Submitted by on April 9, 2011 – 5:24 pm
Looking Back on the Climb to Binangawan Falls

Saturday April 9, 2011 7:12 a.m.

Jasmin by the Sea, Camiguin, Philippines

Time for another cup of coffee at the beginning of another day. It rained throughout the early morning hours, but now the sun is shining, so it looks like another perfect day.

I set off on my motorbike once again yesterday. Over breakfast, I had gone over some notes I had made about Camiguin Island, and I settled on two places to visit. The first was called the Bura Soda Springs. The second was the Binangawan Falls. My other goal for the day was to shoot some video. I’ve been taking pictures with my Nikon digital SLR, but I haven’t used my Canon point-and-shoot at all. It has a video function, and I decided to shoot some video today as I drove around.
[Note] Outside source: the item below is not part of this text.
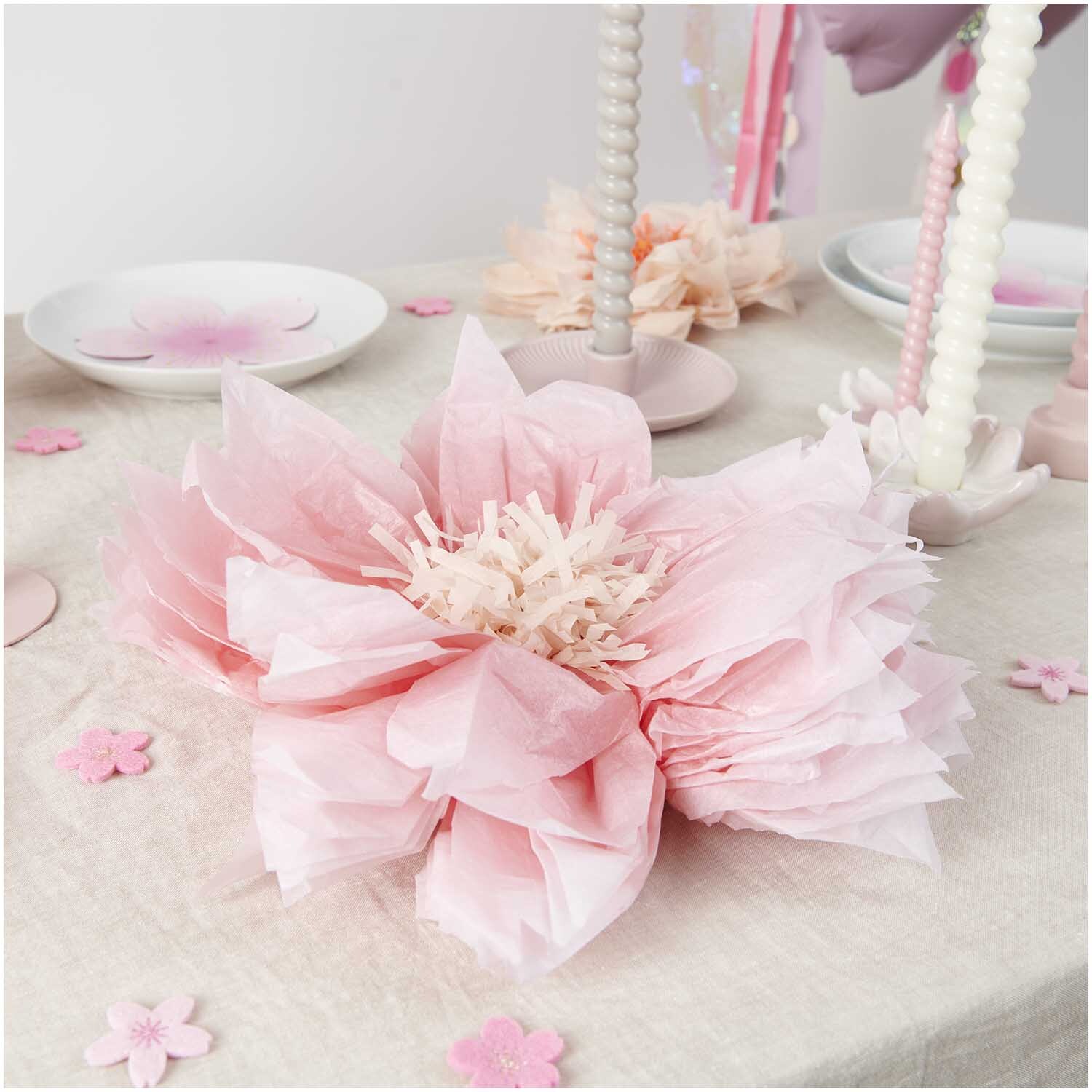 Servietten Kirschblüte 33x33cm 20 Stück: Elegante Tischdekoration mit rosa Blütenmotiv, ideal für Frühlingsfeiern.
I figured it would be easy to do on the motorcycle since your left hand isn’t used for anything. There is no brake handle or clutch or anything on the left handgrip. It is all done with your right hand and your feet. So I thought it would be simple to hold the camera in my left hand while I drove and shoot some video of the roadsides.
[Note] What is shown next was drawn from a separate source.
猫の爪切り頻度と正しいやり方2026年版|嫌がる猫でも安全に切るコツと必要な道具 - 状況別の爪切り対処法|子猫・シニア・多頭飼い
In theory, this was correct. However, I made one very silly mistake for the first part of the day. It’s very funny. The camera’s video function is turned on and off by the same button. And somehow I got mixed up about whether the camera was recording video or not. I got on and off mixed up. So when I lifted the camera up and pressed the button in order to turn it on, I was actually turning it off. Then when I pressed the button a second time to turn the video recording off, I was actually turning it on. So I recorded nothing while I was aiming the camera at the roadsides and it was busy recording while it was dangling on i’s strap from my wrist. I got some brilliant shots of my leg, front wheel, my chin, and the sky. Eventually I figured out what was going wrong, and I shot some video later that captured what I wanted to capture.

The drive to the Bura Soda Springs was great fun. It was more or less on the way I had taken to Tuasan Falls, but I found a new road through a very lush and picturesque region with the volcanoes directly ahead and filling the sky. The springs themselves had been turned into an expansive pool. It cost 20 pesos (fifty cents) to get in. I assume there is something special about the water. Why else is it called a soda spring? But I don’t know what that is. There was a fountain there that was marked for drinking only, so I guess the water was potable. A pleasant grassy area and garden surrounded the pool and the water was the perfect fresh temperature for swimming. There were only about ten people there with only four of them in the water. The pool was large enough to comfortable contain a hundred people, so I felt I practically had the place to myself. I was still being careful about the sun, and I went in with my T-shirt on, which is what the Filipinos do themselves for the most part. I could see a swim there being a normal part of daily life if I were living here on Camiguin.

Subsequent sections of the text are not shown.